# Has anyone used a Garmin cadence sensor in the Duo Trap slot?



## Shaba (Mar 16, 2011)

I just got a Madone 4.7 WSD. I want to transfer my Garmin cadence sensor over to my new ride. Has anyone successfully used a Garmin or any non-Trek cadence sensor in the Duo Trap slot?

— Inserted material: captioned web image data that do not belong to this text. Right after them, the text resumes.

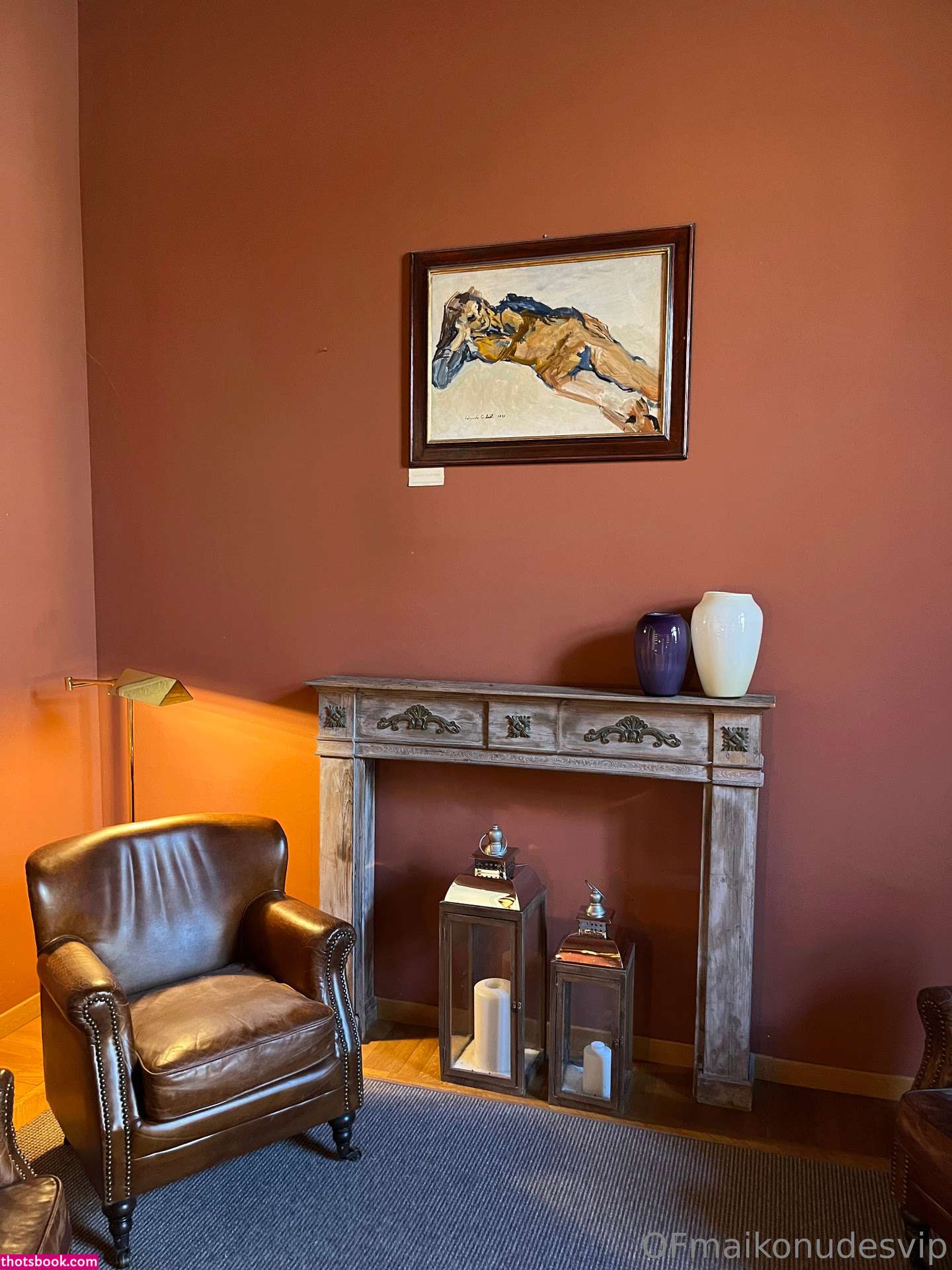 missmaiko maikonudes Nude OnlyFans Photos #25 653330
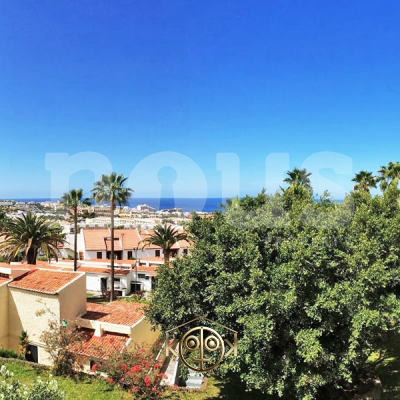 APARTAMENTO for sale in Costa Adeje (Madroñal)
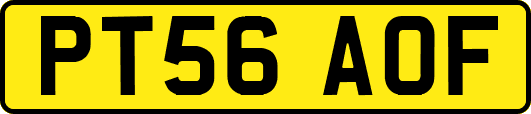 PT56AOF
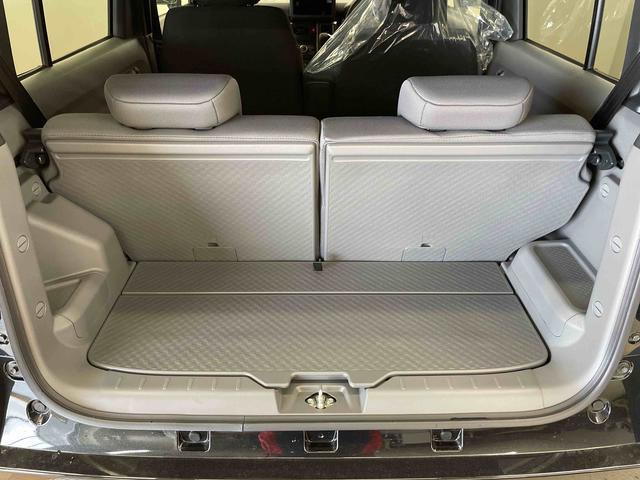 タフトＧ　ダーククロムベンチャー（宮城県）の中古車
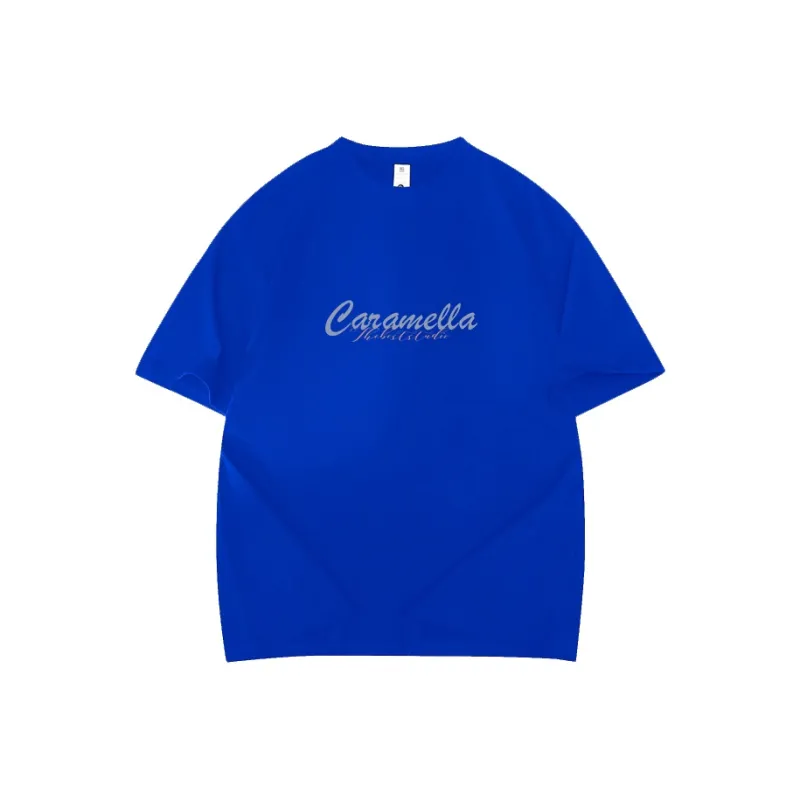 Caramella T Shirts Women's-20
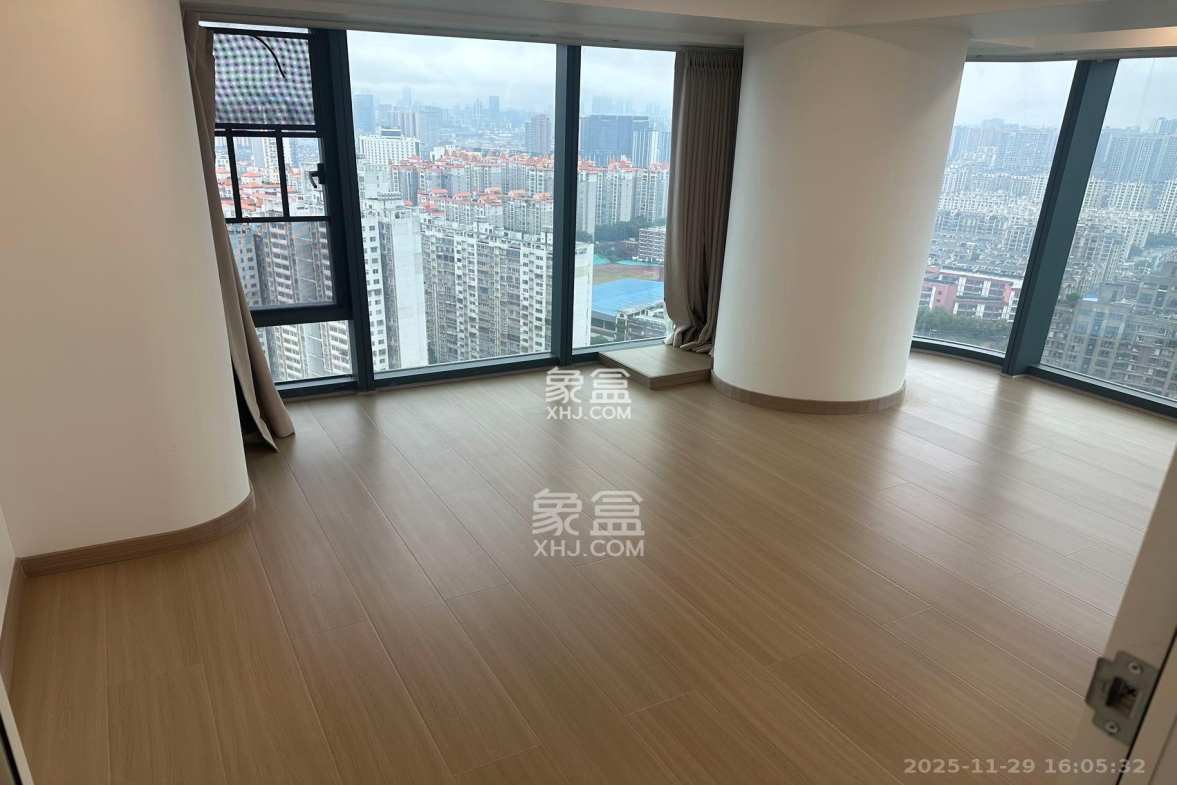 京武浪琴山三期(京武中心) 2室1厅1卫 3800.0元/月 京武浪琴山三期(京武中心) 2室1厅1卫 3800.0元/月室内图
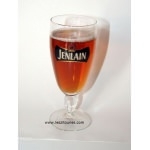 1187-verre-jenlain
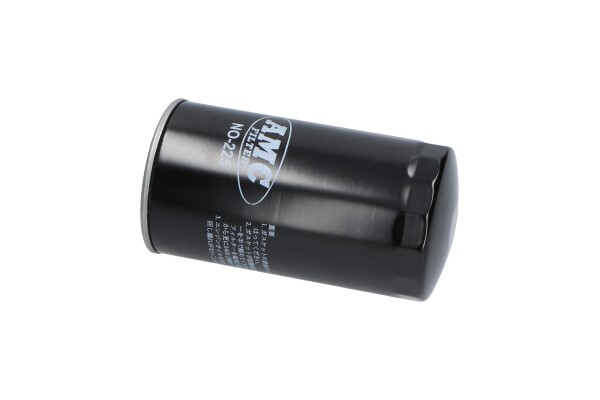 Oljefilter Kavo parts NO-225 KAVO PARTS Oljefilter Kavo parts NO-225 KAVO PARTS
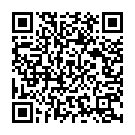 Ami Bolbo Jai Kali Tumi Bolbe Go Song - QR Code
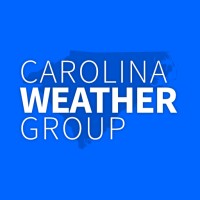 Carolina Weather Group Logo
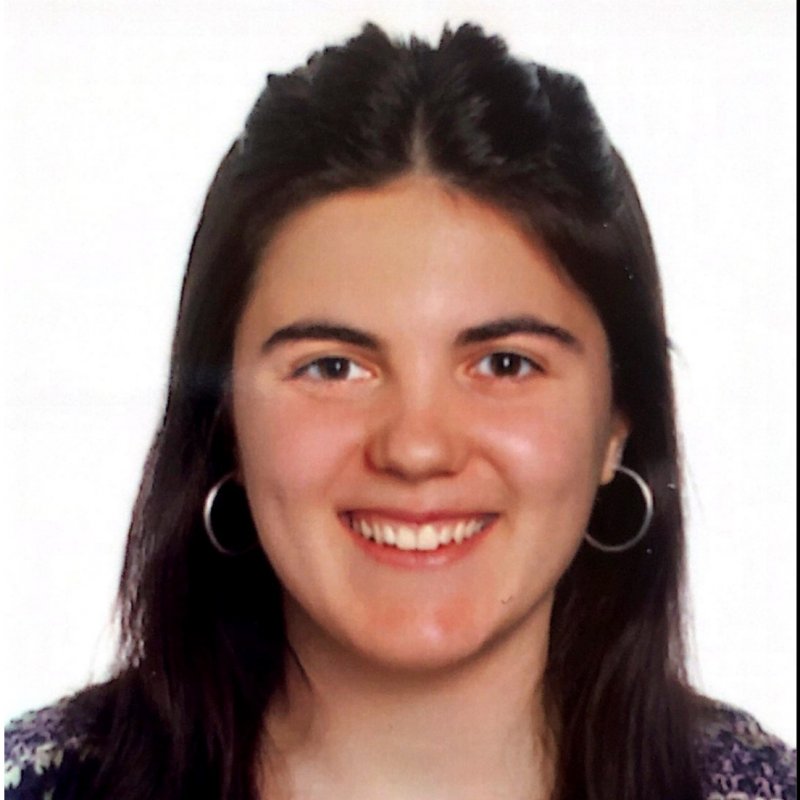 ENARA MICHELENA CORMENZANA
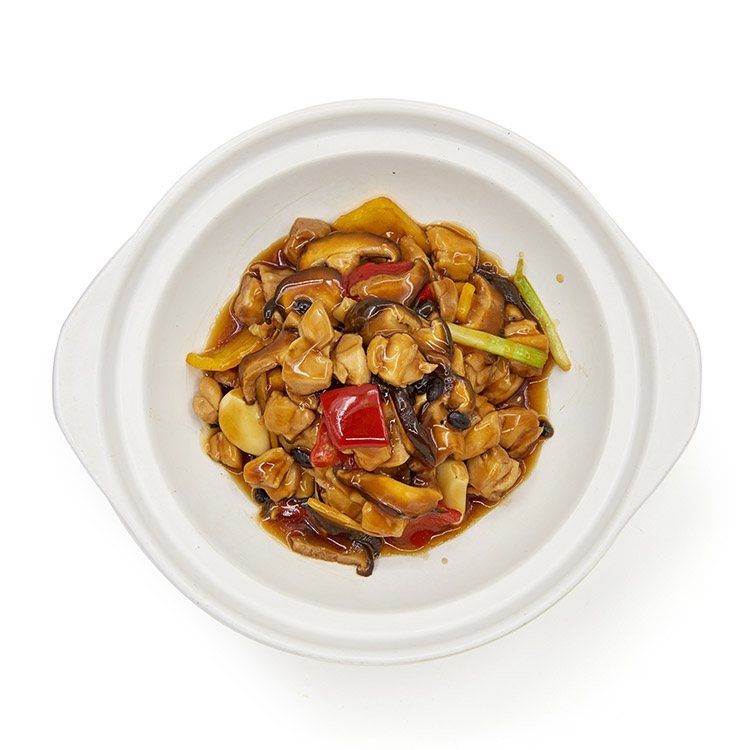 �㹽������������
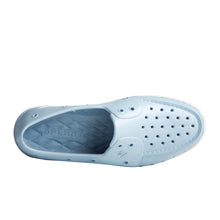 Load image into Gallery viewer, Sperry Women's Authentic Original Float Boat Shoe
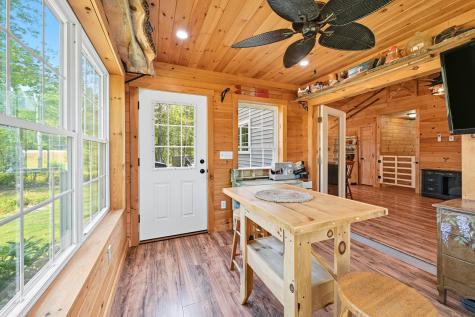 133 Lake Road Norway ME 04268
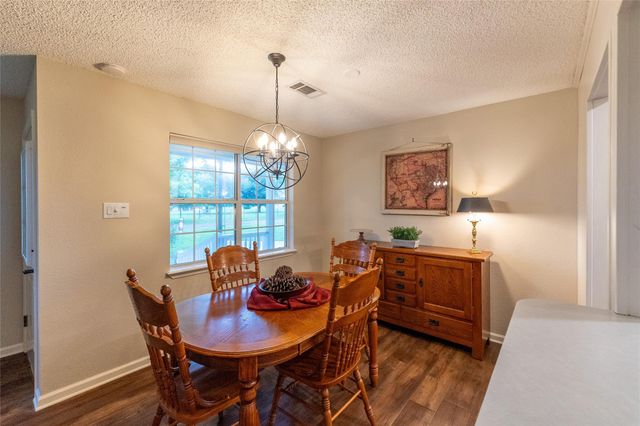 2710 County Road 2274, Cleveland, TX 77327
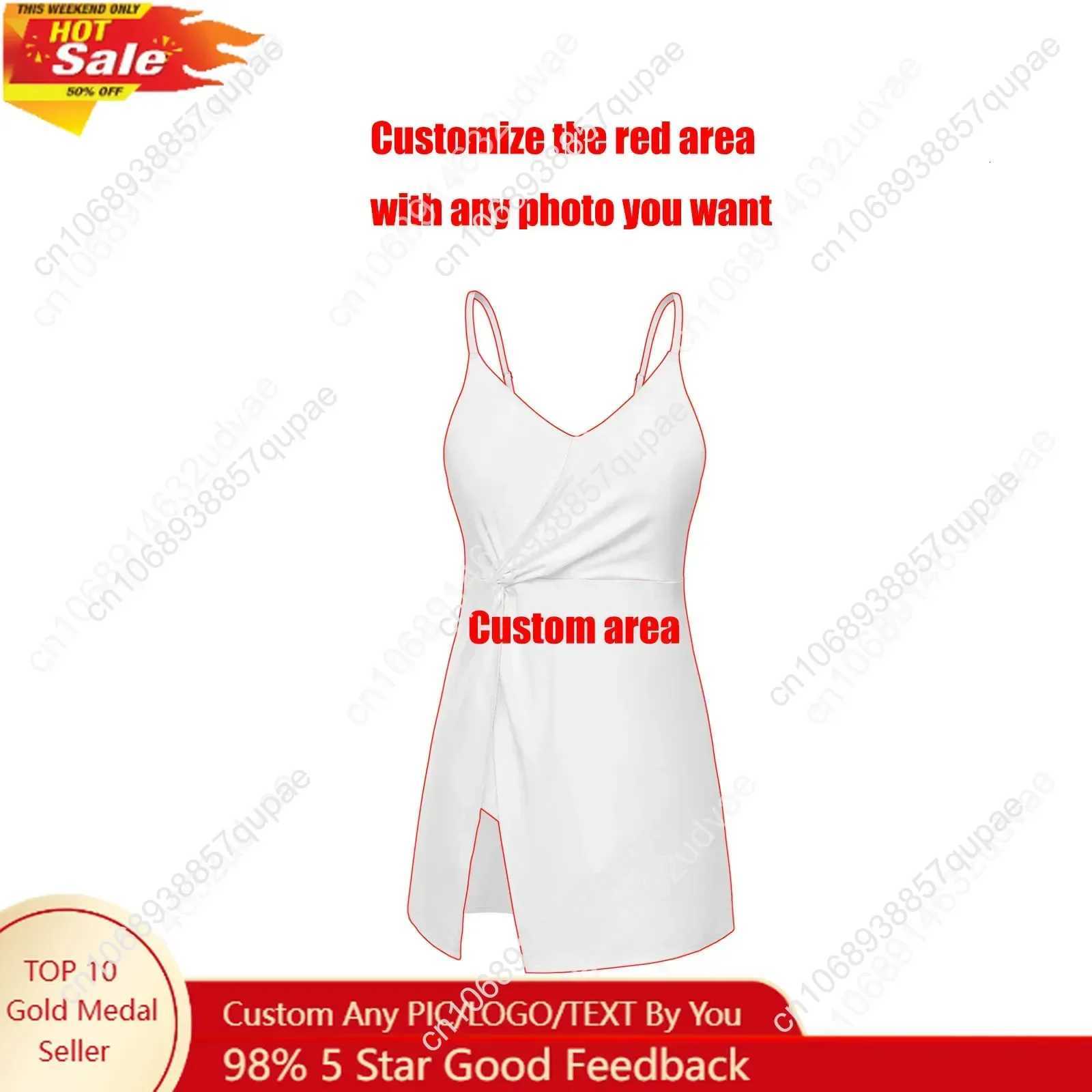 Chris Brown Rapper Sling Dress Swimsuit Womens Bathing Suits Fashion Swimwear Pool Party Beach Bikini Custom Made BeachwearW251113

Another related question: Has anyone used Trek/Bontrager's Duo Trap cadence sensor with a Garmin Forerunner 305? Supposedly the two devices should communicate, but since I already have a sensor I don't want to spend $60ish for a new one (especially since Garmin's sensor was only $35). 

Thanks!


----------



## MarvinK (Feb 12, 2002)

The Garmin sensor will work fine on a Madone, but you cant utilize the custom-shaped duotrap slot. You could always move the Garmin sensor to another bike (mtn, cross?) and use the duotrap sensor on the Madone. It will work fine with the Garmin computers.... I haven't specifically tried a 305, but the 500 works with the DuoTrap.


----------



## GR68 (Feb 4, 2008)

+1 for me, the duo tap works with the Garmin 500

From my reading and www browings that is the complete reason for ANT+


----------



## Shaba (Mar 16, 2011)

I bought the Duo Trap cadence sensor since I didn't want to blemish my ride with the Garmin. Works perfectly with the Garmin Forerunner 305. Love it!


----------



## Apothe (Apr 17, 2007)

Anyone using the Duotrap with a Edge 706? I ASSUME it would be no problem, but real world experience is so valuable...


----------



## htimst (Feb 17, 2012)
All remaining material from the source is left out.